With a round-the-world trip on the horizon (leaving in three weeks!), I find it very easy to get caught up reading articles, blogs, columns, reviews, guidebooks… the list goes on. On one hand, I want to know everything, but on the other, I don’t want to ruin the surprise.
But it just dawned on me that there’s no chance of ruining the surprise. And that’s because the literature can never compare to (or prepare you for) real face-to-face encounters.
Everyone has an original story… and at least a handful of different ways to tell it. But it’s not just the story that makes these encounters so memorable; it’s the facial expressions, the wild hand gestures, the vocal intonation and the completely unedited thoughts. You get to live the experience through all of your senses.
There’s still a very strong argument for reading. And in a way, reading presents a side to stories that you can’t possibly experience through face-to-face meetings. But in my current situation (and I suspect for many others), I’m at risk of living too much through the written word and not enough through real-world experience; hence, this post.
This is largely why I love to travel, and particularly with people whom I’ve never met. In the first instance, you have a real adventure with someone whom has similar interests and aspirations. And in the second instance, you get to experience their reactions and thoughts when meeting other people in far-off places.
Back to the event that sparked this post… I went to my first Sydney Travel Tribe meet-up last week; it’s a monthly cheers for travel devotees – bloggers, tweeters, and websites. And in a way, it was an otherworldly experience.
For months I’ve been getting to know these inspiring travellers: reading their blogs, re-tweeting their great links, crawling their websites, sharing ideas, and commenting on their posts. But on this night, it felt as if we were all in another dimension. A dimension in which I’d met them, knew some of their recent past, but still knew nothing about them.
It was invaluable having spoke to them before online, but it was even more valuable meeting them all in the flesh. I just got so much more from the experience than I could have ever imagined.
Ian from Travellr gave some invaluable start-up advice, business ideas were constantly flowing from Katrina, World Nomads‘ partnership manager, and Alicia played paparazzi for her video blog. Karla shared her first reactions and feedback on Globetrooper.com, Kevin introduced me to his upcoming site about broke backpackers, and I met the Ex-Officio underwear poster girl, Brooke from Brooke vs. the World. Others worthy of a mention: Anna, Betsie, Dina and Graham. Sorry if I missed anyone or didn’t end up meeting you – there’s always next month!

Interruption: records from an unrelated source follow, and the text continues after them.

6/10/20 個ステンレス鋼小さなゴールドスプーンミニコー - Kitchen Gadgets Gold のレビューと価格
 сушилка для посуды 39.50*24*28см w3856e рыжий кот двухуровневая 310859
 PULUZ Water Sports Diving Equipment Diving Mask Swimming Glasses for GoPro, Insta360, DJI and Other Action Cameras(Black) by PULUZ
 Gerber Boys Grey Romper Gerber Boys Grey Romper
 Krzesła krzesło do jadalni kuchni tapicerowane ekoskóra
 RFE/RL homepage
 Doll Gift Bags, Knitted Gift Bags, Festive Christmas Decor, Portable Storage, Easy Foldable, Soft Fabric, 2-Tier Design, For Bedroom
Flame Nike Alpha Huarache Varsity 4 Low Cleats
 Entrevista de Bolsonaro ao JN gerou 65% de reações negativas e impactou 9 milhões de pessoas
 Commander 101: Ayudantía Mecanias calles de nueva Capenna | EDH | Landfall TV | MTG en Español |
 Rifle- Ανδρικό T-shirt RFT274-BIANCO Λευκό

Back to travel… I still think it’s important to read-up before travelling. It gives you an empathy and appreciation for people that you wouldn’t otherwise have. But with our current technology, you can ride the Trans-Siberian at your desk, if really want to! And that’s the danger, that we can be lulled into a false sense of experience through the Internet and literature. But no matter what happens, it will never supplant reality.
That’s because travel is not just about seeing or arriving in a new landscape, it’s about the journey, the people you meet along the way, the experiences you share, and the memories that you create.
I’m obviously still to find the right balance between living vicariously and just living life. So where do you think we should draw the line?